10. A network device that is part of a multi-chassis system comprising a plurality of network devices, the network device comprising:

a data plane; and

a control plane including a central processing unit (CPU) and a main memory, the main memory having stored thereon program code that when executed by the CPU causes the CPU to, at a time of shutting down the control plane for a hitless reboot:

identify one or more rules programmed in the data plane that:

are configured on an ingress interface of a multi-chassis link aggregation group (MLAG) to which the network device is connected; and

specify the CPU as a destination for matched network traffic; and

for each of the identified rules, change the rule to specify an inter-chassis link between the network device and another network device in the plurality of network devices as the destination for matched network traffic.
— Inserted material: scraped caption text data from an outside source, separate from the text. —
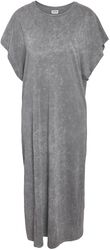 NMRena S/S Long Slit Dress JRS, Noisy May, Medium-lengte jurk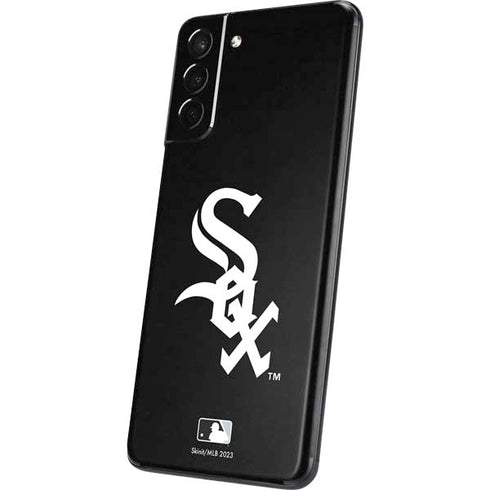 MLB Chicago White Sox - Solid Distressed Galaxy S21 Plus 5G Skin
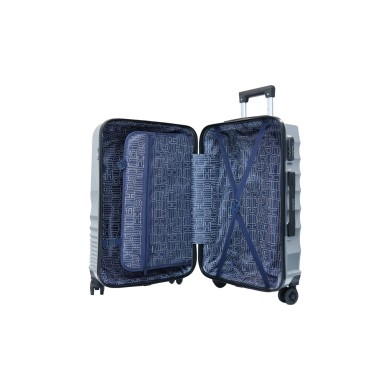 Valise taille cabine 34x48x21cm silver en polycarbonate DANIEL HECHTER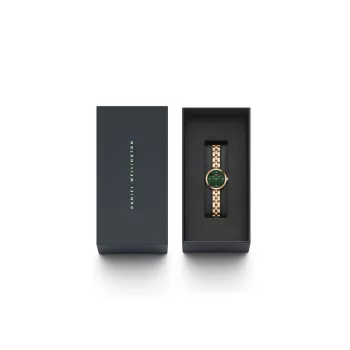 DANIEL WELLINGTON Reloj para mujer DW00100721 (22mm) - oro rosa malla de acero inoxidable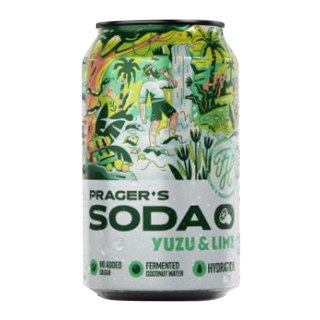 Prager's soda yuzu & lime 330 ML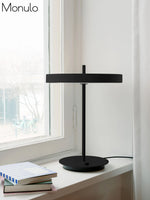 Load image into Gallery viewer, Nordic Monochrome Table Lamp – Portable Light for Any Room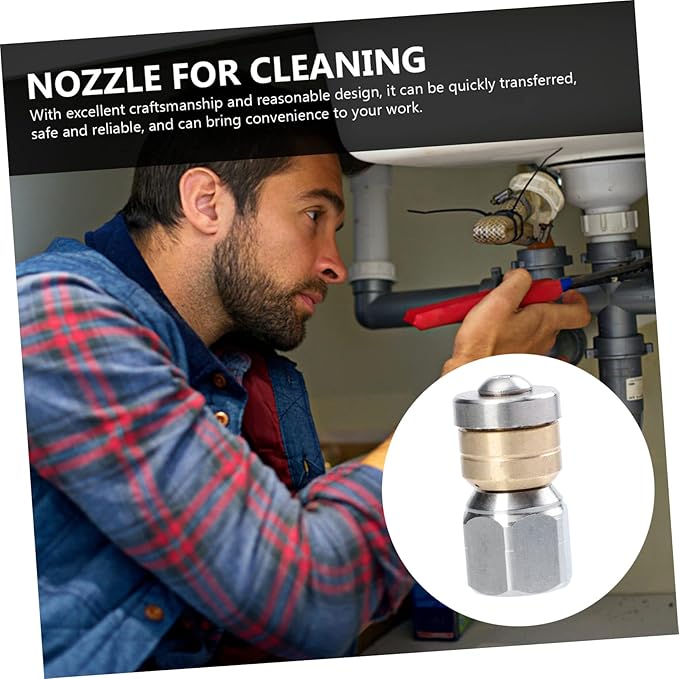 MERRYHAPY Cleaning Machine Parts Nozzle for Power Washer and Sewer Unclogging Nozzles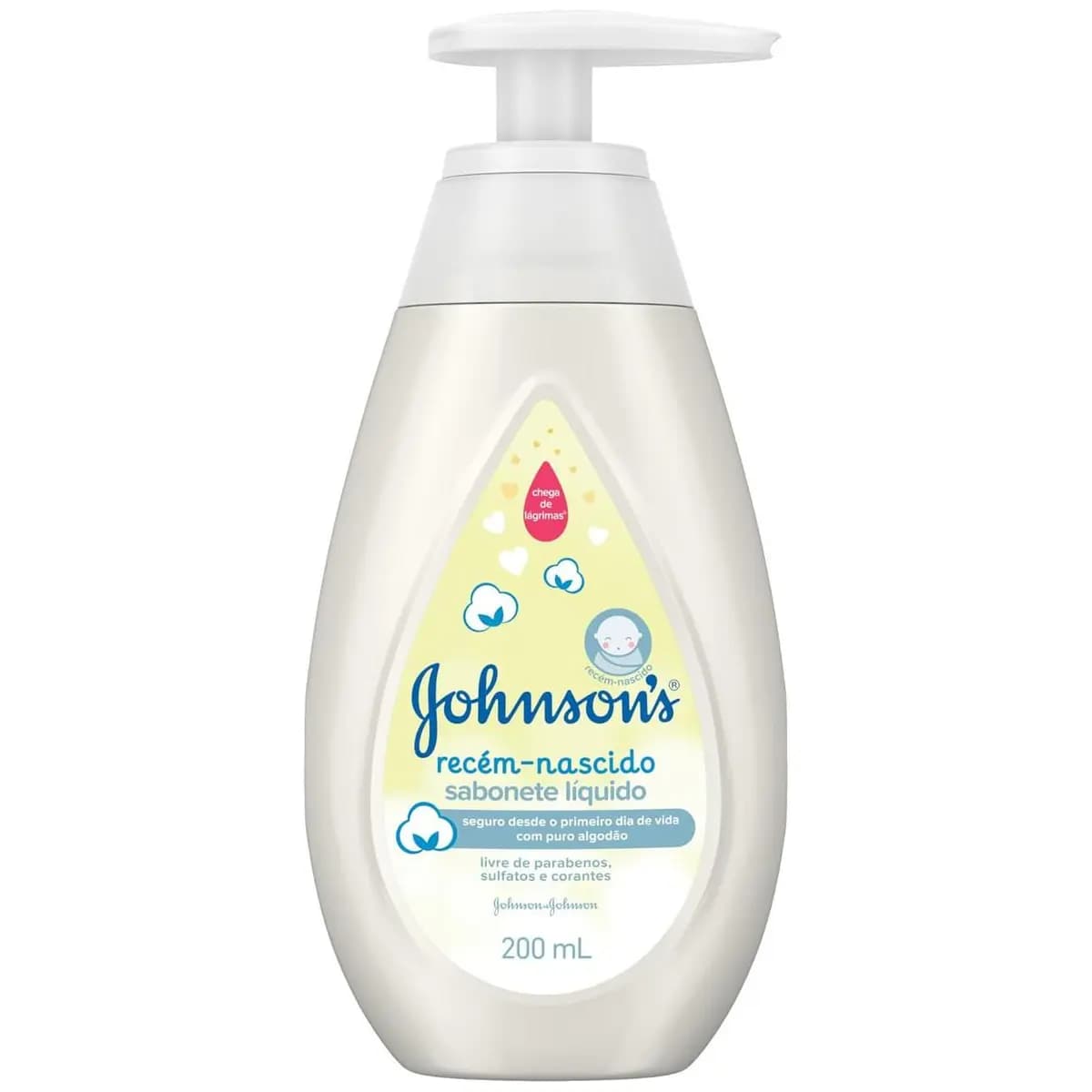 Johnson's Baby Sabonete Líquido Recém Nascido, 200ml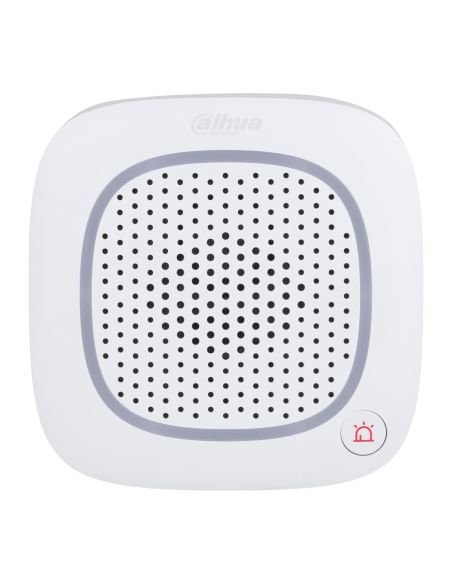 Sirena con Intercomunicador Inalámbrica Dahua DHI-ARA14-W2 Audio Bidireccional, vista en ángulo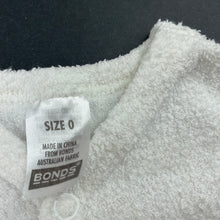 Load image into Gallery viewer, unisex Bonds, white terry long sleeve top, EUC, size 0,  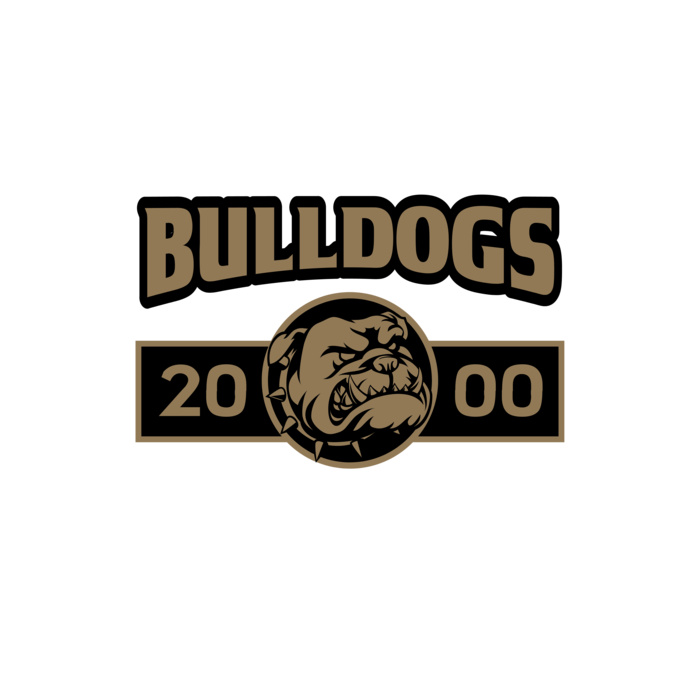 School Bulldog 01 Vignette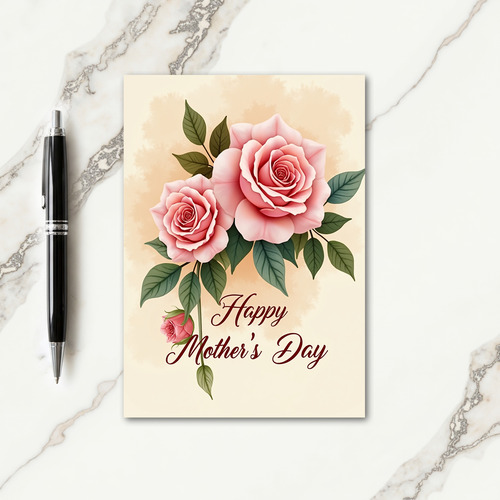 Floral Mother S Day Art Card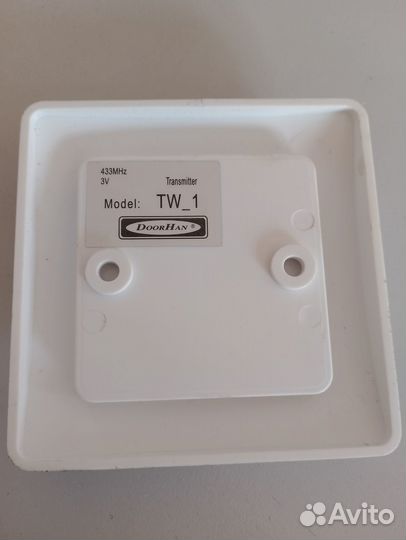 Кнопка радиоуправления, 1 канал с рамкой крепежной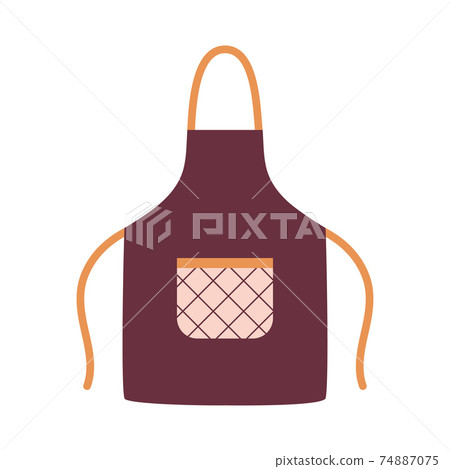 kitchen apron with pocket isolated on white background kitchen apron with pocket isolated on white background 74887075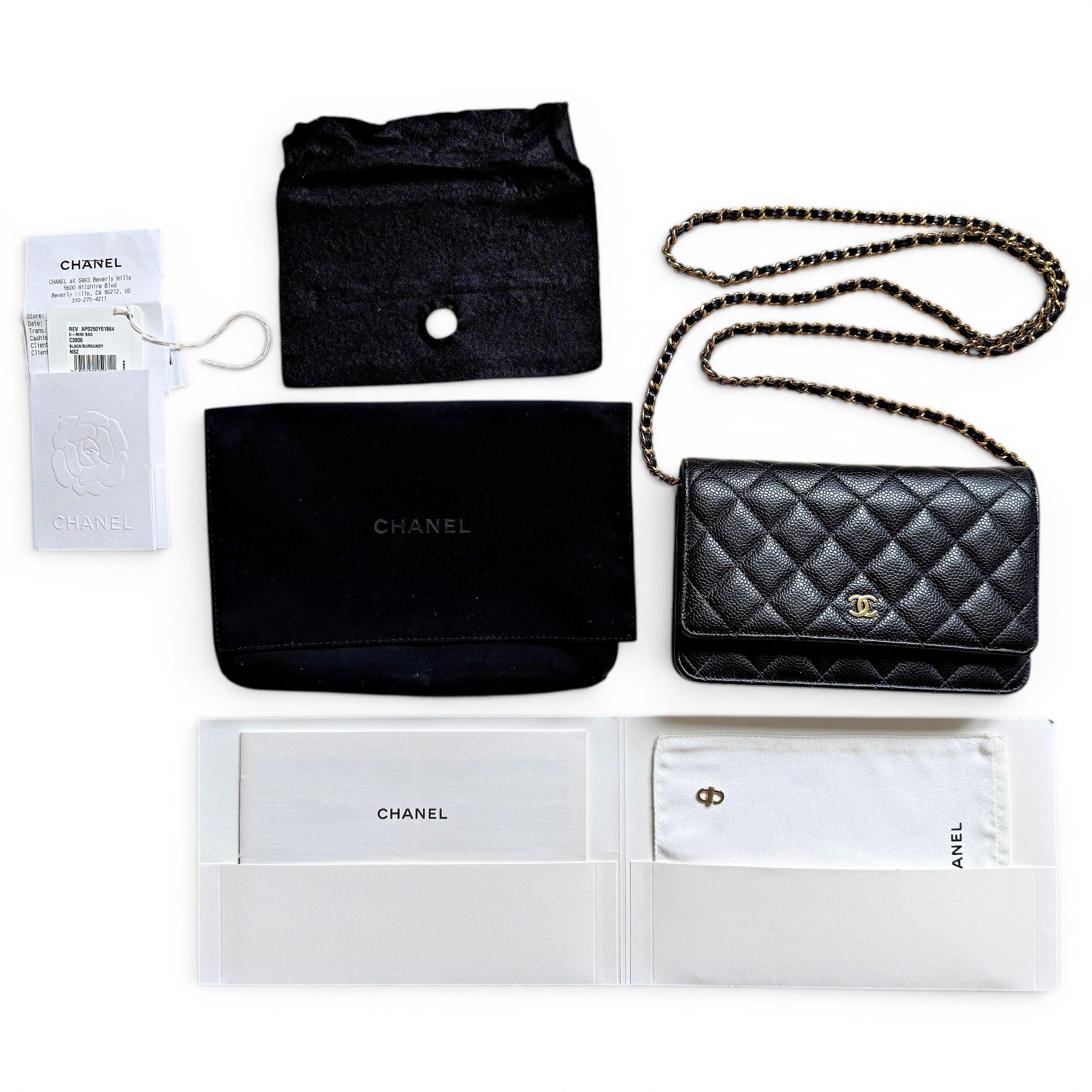Wallet On Chain Timeless/Classique leather handbag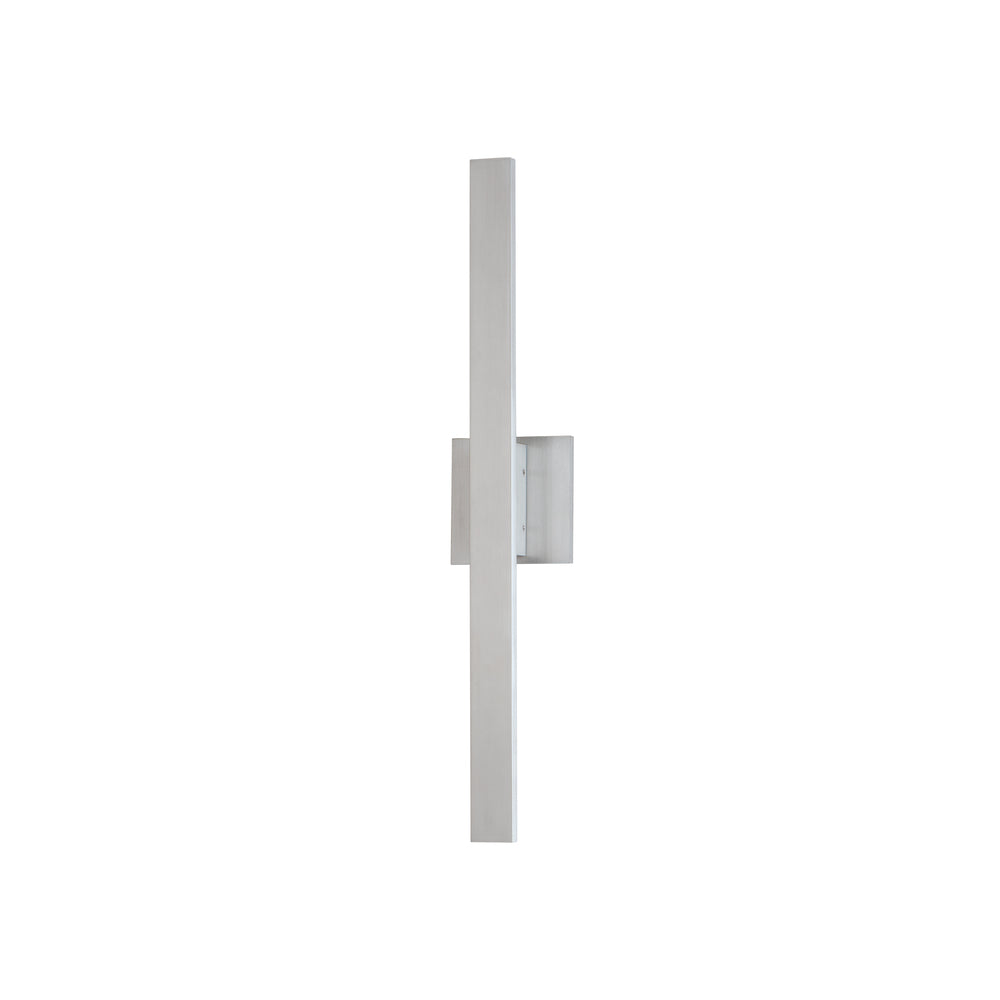 4.5 Inch Outdoor Wall Light – Satin Aluminum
11. The network device of claim 10 wherein the identified rules further include a match field of source Media Access Control (MAC) address and a match value corresponding to a virtual MAC address of the multi-chassis system.

12. The network device of claim 10 wherein the identified rules further include a match field of packet type and a match value indicative of Address Resolution Protocol (ARP).

13. The network device of claim 10 wherein while the control plane is down during the hitless reboot, the data plane:

receives a network packet matching one of the identified rules; and

sends the network packet out on the inter-chassis link to said another network device, without sending the network packet to the CPU.

14. The network device of claim 13 the network packet is a control plane protocol packet.

15. The network device of claim 14 wherein the network packet is an ARP refresh reply.

16. The network device of claim 15 wherein the ARP refresh reply was sent by a device communicatively coupled with the multi-chassis system via the MLAG.

17. The network device of claim 16 wherein the ARP refresh reply was sent by the device in response to an ARP refresh request originating from said another network device.

18. The network device of claim 10 wherein the program code further causes the CPU to, at a time the control plane is booted up as part of the hitless reboot:

revert the identified rules to once again specify the CPU as the destination of matched network traffic.

19. A method performed by a peer in a plurality of peers comprising a multi-chassis system, the method comprising, at a time of shutting down a control plane of the peer:

identifying one or more rules that:

are configured on an interface of a multi-chassis link aggregation group (MLAG) which the peer is a part of; and

specify a central processing unit (CPU) of the peer as a destination for matched network traffic; and

for each of the identified rules, changing the rule to forward network traffic matching the rule to another peer in the plurality of peers rather than to the CPU.

20. The method of claim 19 wherein the control plane of the peer is shut down as part of a hitless reboot process.